Offline, promotion reinforcement across multiple touchpoints is mandatory. Unfortunately, it is still a luxury for many online marketers. But only when marketers can take control of certain areas of the site for promotion purposes can they guarantee that the right people are seeing the right promotion -- and that they're seeing it often enough to positively influence their buying decisions.
Think of offline ad campaigns: we place ads in magazines, on billboards, on TV and radio, creating an integrated campaign to reinforce our message at multiple points with consumers. Ideally, this leads them to the ultimate destination -- the store -- where we again highlight the promotion and coax them to buy.
Yet online, we often find that a promotion -- free shipping, for example -- on the home page is so watered down by competing messages or by lack of reinforcement that by the time a visitor reaches a product detail page, the promotion has no power left to propel the visitor the last leg of the journey (to the checkout page).
Reinforcement of promotions can be relatively simple.
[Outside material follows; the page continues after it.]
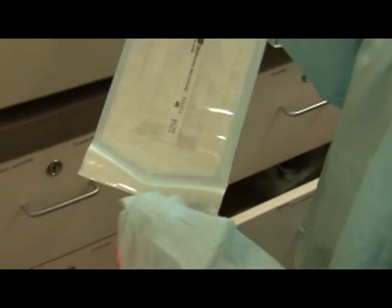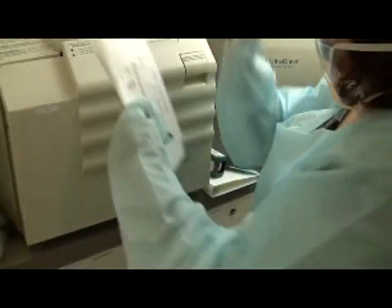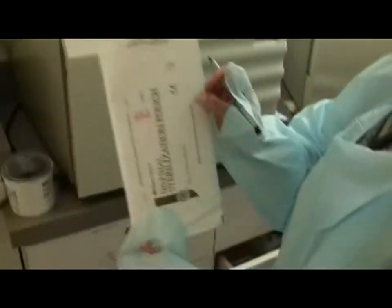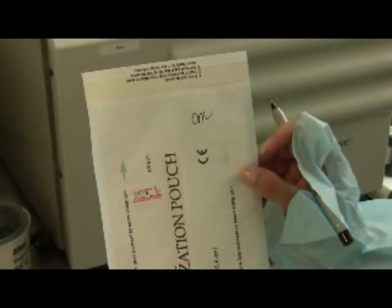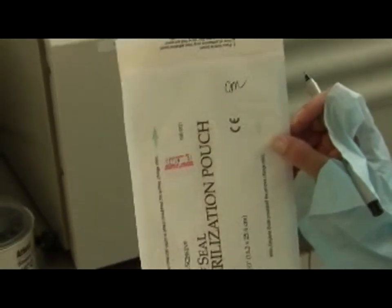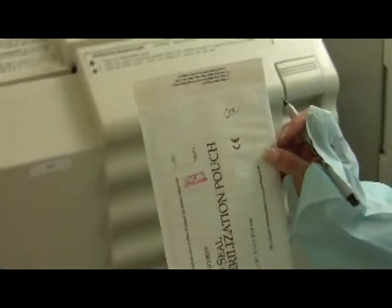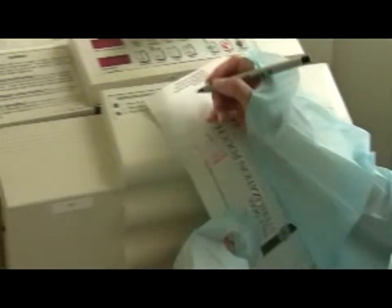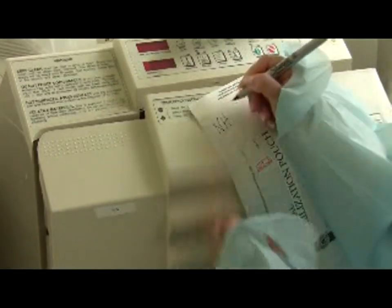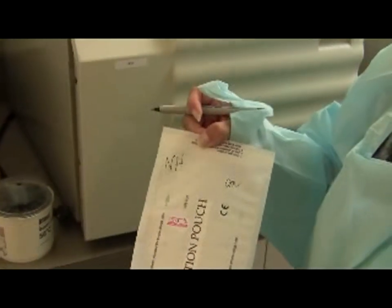Initial each pouch with the cleaning person's initials. The pouch containing tooth forceps must be labeled 'T', the pouch containing serrated forceps labeled 'S' with a Sharpie marker. For curettes, write the curette number on the pouch. For needle holders, write 'NH' on the pouch.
For example, if you're offering an audience-wide free shipping promotion (the same promotion to every visitor) it's easy to include the free shipping messaging on category pages, product detail pages, and the shopping cart.
The next level, reinforcing a visitor's affinity, is slightly more complex. For example, if a visitor comes to an online pet store looking for dog beds, you obviously want to land them on the most appropriate page for that particular product. But as they browse, you can reinforce their affinity for dog products (as opposed to cat or fish products) by showing other dog-related messages ("10% off engraved dog bowls!").
The true challenge comes when you're running a series of promotions. Say you're offering:
A. Free shipping to anyone who hasn't bought in six months
B. 10% off a single item to first-time buyers
C. Special price reduction on certain items only for your best customers
You want: Group A to see this, this, and this on these pages; group B to see that, that, and that on those pages; and group C... etc.
This is the point where marketers throw their hands up in frustration, and the process stalls out. That's because the level of involvement between various teams, but chiefly between marketing and IT, becomes prohibitive.
But there is a solution: marketing must, to a certain extent, have the ability to put content on the site. This doesn't mean that marketers need to be in control of every bit of every page -- only that marketers be able to designate specific areas on specific pages for promotions, and to be able to change those areas on their own without requiring an investment of time from other departments.
When this happens -- when promotion reinforcement online becomes as mandatory (and possible) as it is offline -- promotions will truly be a powerful tool that positively and consistently influence buying decisions.